Selon un rapport rédigé en 2009 par le Conseil des prélèvements obligatoires, les entreprises du CAC 40, qui représentaient en 2006 plus de 30 % des profits, rapportaient à peine 13 % de l’impôt sur les sociétés. En revanche, les PME dont la taille n’excédait pas 250 personnes s’acquittaient de 21 % du même impôt, pour seulement 17 % des profits générés par les entreprises françaises.

Vous l’aurez compris, mes chers collègues, cette situation est contraire à l’esprit même de la Déclaration des droits de l’homme et du citoyen, à laquelle notre collègue François Rebsamen faisait référence, et dont l’article XIII dispose que la contribution commune « doit être également répartie entre tous les citoyens, en raison de leurs facultés ». Cela, me semble-t-il, vaut bien aussi pour les entreprises !

Avec des taux faibles pour les plus forts et des taux forts pour les plus faibles, c’est toute une mécanique inéquitable et implacable à laquelle il convient de mettre un terme. Pour cela, nos collègues socialistes proposent, dans leur texte, trois remèdes à appliquer aux trois principaux maux de l’impôt sur les sociétés.

En premier lieu, la proposition de loi tend à supprimer le mécanisme dit du bénéfice mondial consolidé.

Ce mécanisme permet aux sociétés mères de certaines multinationales françaises de retenir l’ensemble des résultats de leurs exploitations directes ou indirectes, qu’elles soient situées en France ou à l’étranger, pour l’assiette des impôts établie sur la réalisation et la distribution de leurs bénéfices. Ce système dérogatoire, soumis à agrément ministériel, permet ainsi aux grands groupes d’imputer sur leurs bénéfices français les résultats souvent déficitaires des filiales nouvellement implantées à l’étranger.

Je parlais précédemment d’optimisation fiscale : nous y sommes ! Pour éviter les doubles impositions, l’impôt sur les sociétés payé en France par la maison mère sur son résultat consolidé est diminué de l’impôt sur les sociétés versé à l’étranger par chacun de ses établissements stables ou chacune de ses filiales. Au bout du compte, les gains fiscaux optimisés représentent un jackpot de plusieurs centaines de milliers d’euros par entreprise concernée.

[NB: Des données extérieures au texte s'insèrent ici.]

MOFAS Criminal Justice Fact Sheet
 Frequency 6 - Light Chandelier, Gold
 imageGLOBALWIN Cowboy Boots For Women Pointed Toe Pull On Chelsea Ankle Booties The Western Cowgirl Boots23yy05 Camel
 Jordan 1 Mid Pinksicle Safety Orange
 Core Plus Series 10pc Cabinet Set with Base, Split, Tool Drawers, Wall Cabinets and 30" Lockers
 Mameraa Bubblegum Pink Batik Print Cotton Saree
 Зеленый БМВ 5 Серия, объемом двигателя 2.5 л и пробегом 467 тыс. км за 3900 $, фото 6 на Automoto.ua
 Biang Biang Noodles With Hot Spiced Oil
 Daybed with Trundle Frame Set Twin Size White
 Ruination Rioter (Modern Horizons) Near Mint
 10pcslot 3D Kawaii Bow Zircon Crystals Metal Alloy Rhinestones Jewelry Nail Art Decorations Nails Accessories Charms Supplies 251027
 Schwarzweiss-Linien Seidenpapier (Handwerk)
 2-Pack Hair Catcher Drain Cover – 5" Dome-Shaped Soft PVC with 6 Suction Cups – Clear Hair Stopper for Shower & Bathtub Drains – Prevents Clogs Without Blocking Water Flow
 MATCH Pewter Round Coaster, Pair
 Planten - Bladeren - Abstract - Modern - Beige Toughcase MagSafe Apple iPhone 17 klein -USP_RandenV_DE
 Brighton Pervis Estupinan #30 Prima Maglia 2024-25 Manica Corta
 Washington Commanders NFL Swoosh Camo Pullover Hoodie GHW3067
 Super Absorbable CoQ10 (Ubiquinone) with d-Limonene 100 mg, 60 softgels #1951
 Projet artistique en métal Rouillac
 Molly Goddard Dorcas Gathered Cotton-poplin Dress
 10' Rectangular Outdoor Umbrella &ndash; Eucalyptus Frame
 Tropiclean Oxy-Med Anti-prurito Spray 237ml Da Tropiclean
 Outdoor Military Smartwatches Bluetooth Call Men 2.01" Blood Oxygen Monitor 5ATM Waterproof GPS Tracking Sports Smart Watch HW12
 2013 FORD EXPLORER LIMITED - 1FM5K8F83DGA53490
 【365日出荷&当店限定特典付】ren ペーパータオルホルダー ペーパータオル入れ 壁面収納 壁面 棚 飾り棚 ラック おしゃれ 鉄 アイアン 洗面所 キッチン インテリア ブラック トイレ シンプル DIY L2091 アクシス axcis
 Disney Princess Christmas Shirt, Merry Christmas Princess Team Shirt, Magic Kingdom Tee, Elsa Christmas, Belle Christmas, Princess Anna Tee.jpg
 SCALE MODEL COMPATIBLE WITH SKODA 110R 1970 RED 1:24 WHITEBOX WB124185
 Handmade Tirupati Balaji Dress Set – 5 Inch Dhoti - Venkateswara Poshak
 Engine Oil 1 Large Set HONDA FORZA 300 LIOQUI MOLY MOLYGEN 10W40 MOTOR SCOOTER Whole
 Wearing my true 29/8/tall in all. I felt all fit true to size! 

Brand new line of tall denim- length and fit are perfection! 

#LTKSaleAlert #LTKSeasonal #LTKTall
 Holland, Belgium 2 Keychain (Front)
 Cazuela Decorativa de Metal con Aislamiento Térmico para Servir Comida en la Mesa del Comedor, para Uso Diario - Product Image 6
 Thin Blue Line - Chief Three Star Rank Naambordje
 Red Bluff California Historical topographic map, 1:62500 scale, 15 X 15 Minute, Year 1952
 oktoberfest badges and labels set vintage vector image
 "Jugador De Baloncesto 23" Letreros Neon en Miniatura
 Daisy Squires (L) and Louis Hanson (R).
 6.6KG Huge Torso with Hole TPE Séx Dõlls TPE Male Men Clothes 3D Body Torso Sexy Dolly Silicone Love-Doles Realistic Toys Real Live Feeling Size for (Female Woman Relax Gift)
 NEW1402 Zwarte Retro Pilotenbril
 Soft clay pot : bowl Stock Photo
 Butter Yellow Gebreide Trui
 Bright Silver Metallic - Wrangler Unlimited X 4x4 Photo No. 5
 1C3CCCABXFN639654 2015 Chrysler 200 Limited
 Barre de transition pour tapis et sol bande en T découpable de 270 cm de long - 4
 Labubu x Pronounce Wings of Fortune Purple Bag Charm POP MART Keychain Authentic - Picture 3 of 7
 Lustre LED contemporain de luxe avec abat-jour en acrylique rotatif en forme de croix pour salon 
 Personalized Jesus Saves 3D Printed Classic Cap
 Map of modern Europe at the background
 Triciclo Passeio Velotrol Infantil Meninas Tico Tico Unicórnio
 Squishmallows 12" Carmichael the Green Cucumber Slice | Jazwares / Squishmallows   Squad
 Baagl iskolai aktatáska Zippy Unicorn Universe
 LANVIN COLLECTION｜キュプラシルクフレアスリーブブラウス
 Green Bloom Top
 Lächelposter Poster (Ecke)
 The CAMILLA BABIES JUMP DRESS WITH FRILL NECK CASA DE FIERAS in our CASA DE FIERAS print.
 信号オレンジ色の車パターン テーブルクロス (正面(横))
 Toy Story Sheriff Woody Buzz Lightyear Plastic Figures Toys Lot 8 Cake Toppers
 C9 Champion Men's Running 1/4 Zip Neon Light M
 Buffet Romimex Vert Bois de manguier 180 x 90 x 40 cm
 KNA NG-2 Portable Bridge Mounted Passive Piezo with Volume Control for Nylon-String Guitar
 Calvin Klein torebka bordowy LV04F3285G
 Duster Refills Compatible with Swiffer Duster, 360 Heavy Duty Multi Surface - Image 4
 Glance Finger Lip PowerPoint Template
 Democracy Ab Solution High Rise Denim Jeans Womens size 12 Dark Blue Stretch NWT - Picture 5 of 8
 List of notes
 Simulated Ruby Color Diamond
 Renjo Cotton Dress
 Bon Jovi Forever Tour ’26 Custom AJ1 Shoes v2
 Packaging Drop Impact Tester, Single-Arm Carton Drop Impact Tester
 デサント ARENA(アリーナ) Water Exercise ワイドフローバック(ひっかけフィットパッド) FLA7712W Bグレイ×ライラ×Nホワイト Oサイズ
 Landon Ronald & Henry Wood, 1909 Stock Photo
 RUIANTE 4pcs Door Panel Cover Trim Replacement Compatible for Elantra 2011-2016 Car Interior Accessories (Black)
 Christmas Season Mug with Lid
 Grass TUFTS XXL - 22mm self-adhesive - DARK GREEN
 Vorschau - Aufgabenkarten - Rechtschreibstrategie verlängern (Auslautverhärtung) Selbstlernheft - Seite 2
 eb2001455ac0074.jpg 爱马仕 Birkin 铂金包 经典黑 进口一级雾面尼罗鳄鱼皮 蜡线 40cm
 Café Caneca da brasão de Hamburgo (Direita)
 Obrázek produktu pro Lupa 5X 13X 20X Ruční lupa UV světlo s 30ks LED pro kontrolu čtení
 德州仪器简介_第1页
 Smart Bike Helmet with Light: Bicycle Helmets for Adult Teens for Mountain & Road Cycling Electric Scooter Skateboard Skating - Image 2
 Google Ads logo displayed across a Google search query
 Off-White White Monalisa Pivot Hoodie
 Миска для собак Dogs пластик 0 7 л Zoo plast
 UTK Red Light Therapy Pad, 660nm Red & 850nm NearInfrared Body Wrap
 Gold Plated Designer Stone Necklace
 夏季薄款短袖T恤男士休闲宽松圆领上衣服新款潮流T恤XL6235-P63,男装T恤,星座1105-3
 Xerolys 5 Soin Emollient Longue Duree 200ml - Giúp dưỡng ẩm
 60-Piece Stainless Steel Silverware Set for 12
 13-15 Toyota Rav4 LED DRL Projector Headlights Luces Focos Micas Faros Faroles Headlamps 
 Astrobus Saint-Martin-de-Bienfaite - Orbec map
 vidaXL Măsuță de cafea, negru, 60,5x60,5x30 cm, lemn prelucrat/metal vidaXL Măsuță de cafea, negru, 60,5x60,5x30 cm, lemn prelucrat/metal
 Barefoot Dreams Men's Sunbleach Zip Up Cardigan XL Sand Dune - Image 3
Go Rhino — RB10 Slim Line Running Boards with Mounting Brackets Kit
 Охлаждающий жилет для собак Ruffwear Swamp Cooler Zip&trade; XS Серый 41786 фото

En 2010, selon les services du ministère du budget, cinq sociétés ont bénéficié de ce régime, qui a coûté la bagatelle de 302 millions d’euros à l’État ! Cerise sur le gâteau, grâce à ce dispositif formidable, le groupe Total, cité à plusieurs reprises, n’a payé aucun impôt sur les sociétés en 2010, alors même qu’il a réalisé un bénéfice de 10, 5 milliards d’euros, le plus important du CAC40, et qu’il a distribué la bagatelle de 5, 2 milliards d’euros de dividendes à ses actionnaires.